Background: Artemisinin-based combination therapy, currently considered the therapy of choice for uncomplicated Plasmodium falciparum malaria in endemic countries, may be under threat from newly emerging parasite resistance to the artemisinin family of drugs. Studies in Southeast Asia suggest some patients exhibit an extended parasite clearance time in the three days immediately following treatment with artesunate monotherapy. This phenotype is likely to become a more important trial endpoint in studies of anti-malarial drug efficacy, but currently requires frequent, closely spaced blood sampling in hospitalized study participants, followed by quantitation of parasite density by microscopy.

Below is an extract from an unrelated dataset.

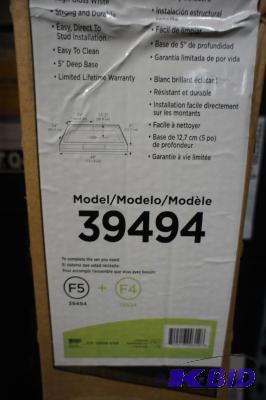 lot 22 image: New ASB Firenze Shower base. #39494. Dimensio...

Methods: A simple duplex quantitative PCR method was developed in which distinct fluorescent signals are generated from the human and parasite DNA components in each blood sample. The human amplification target in this assay is the β tubulin gene, and the parasite target is the unique methionine tRNA gene (pgmet), which exhibits perfect sequence identity in all six Plasmodium species that naturally infect humans. In a small series of malaria cases treated as hospital in-patients, the abundance of pgmet DNA was estimated relative to the human DNA target in daily peripheral blood samples, and parasite clearance times calculated.
Results: The qPCR assay was reproducibly able to replicate parasite density estimates derived from microscopy, but provided additional data by quantification of parasite density 24 hours after the last positive blood film. Robust estimates of parasite clearance times were produced for a series of patients with clinical malaria.
Conclusions: Large studies, particularly in Africa where children represent a major proportion of treated cases, will require a simpler blood sample collection regime, and a method capable of high throughput. The duplex qPCR method tested may fulfil these criteria, and should now be evaluated in such field studies.